(PROVIDED RECORDS Opens)
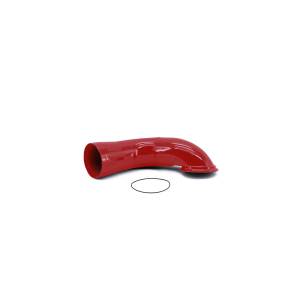 HSP 2006-2010 Chevrolet / GMC VGT Intake Mouthpiece Flag Red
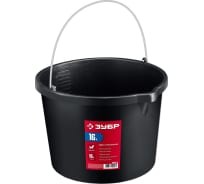 Ведро 16л строит. пластик Зубр 06093-16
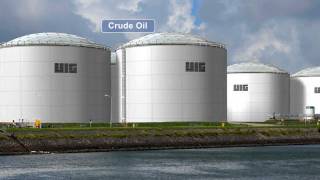 Animation  How Storage Tanks are Designed Made Installed [upl. by Iblok]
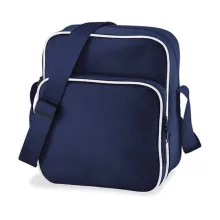 Válltáska   Bag Base Retro Day Bag   Sötétkék/Fehér   urespolo.hu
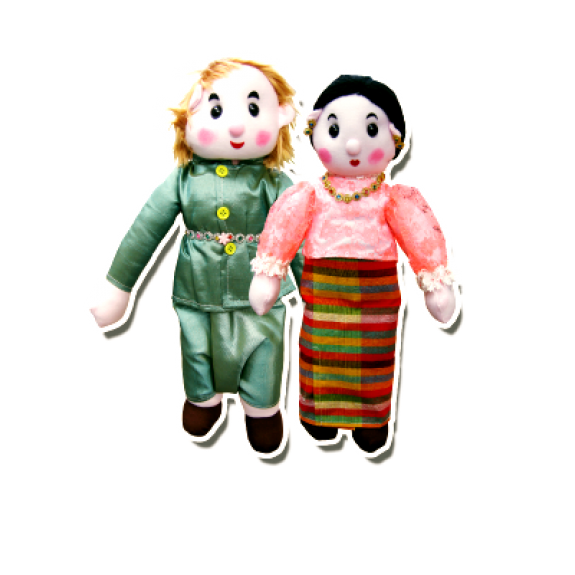 ตุ๊กตาอาเซียน ประเทศกัมพูชา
(PROVIDED RECORDS Closes)
▶ [WHAT YOU WILL DO] Can you restate all the records above word for word while dropping the pictures?

▶ [EXERCISE SOLUTION]
 HSP 2006-2010 Chevrolet / GMC VGT Intake Mouthpiece Flag Red
 Ведро 16л строит. пластик Зубр 06093-16
 Animation  How Storage Tanks are Designed Made Installed [upl. by Iblok]
 Válltáska   Bag Base Retro Day Bag   Sötétkék/Fehér   urespolo.hu
 ตุ๊กตาอาเซียน ประเทศกัมพูชา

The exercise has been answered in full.